INTERVIEW: Why best-selling American author Bill Bryson backed the South Downs as a national park.
The South Downs is Britain’s 15th and newest national park. It took 60 years and the backing of many thousands of people to win this status. Celebrated author Bill Bryson was one such supporter in his role as president of the Campaign to Protect Rural England.
The 62-year-old claims he knew almost nothing of the South Downs, but became “swept up” in other’s enthusiasm for it.
“I’m obviously not a trained geologist or botanist, but, I do have eyes, and like anyone else I can appreciate beauty when I see it.”
Much of the lengthy debate concerned the park’s boundaries.

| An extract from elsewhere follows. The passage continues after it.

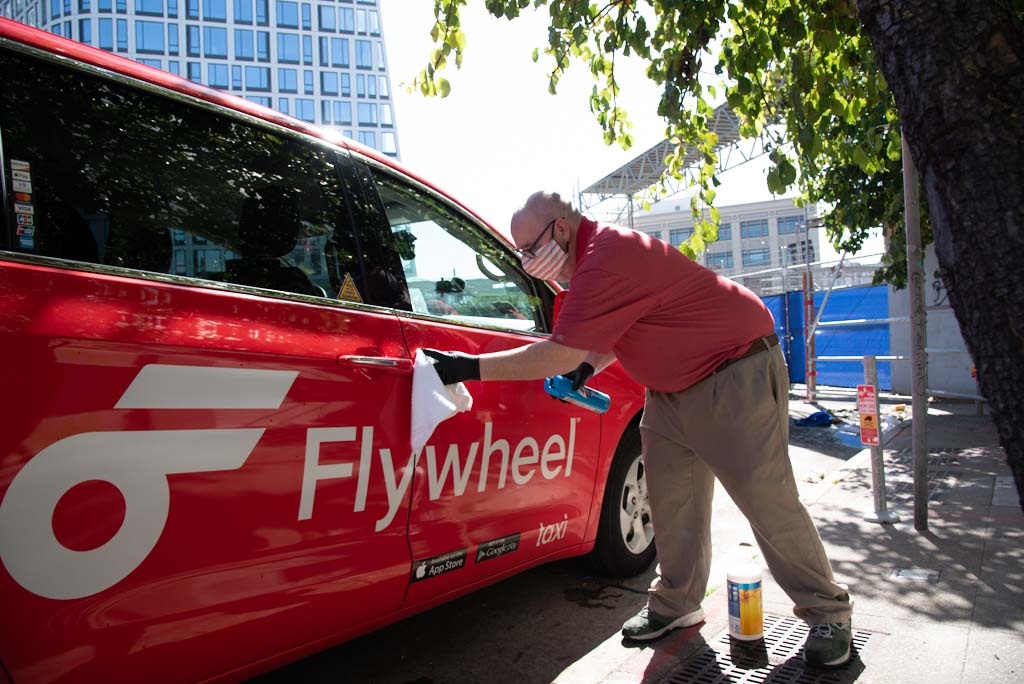 man cleaning outside of a red taxi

Describing Secretary of State Hilary Benn’s decision to include the Western Weald as “heroic”, Bryson criticised the “preposterous argument” of those, namely local politicians, who believed the park should be defined by the chalk ridge:
“Nobody’s ever going to build an ASDA on top of the chalk ridge – that was never the part that was threatened.”
Comparing Britain’s national parks with those in his native America, Bryson celebrated, “how lucky you are in this country to have this much unspoilt land so close to the bigger city.”
“The very fact that there could be these green, pleasant landscapes on the doorstep of London is a real achievement – something that would have been very foolish to throw away… because every city must have a recreation area”.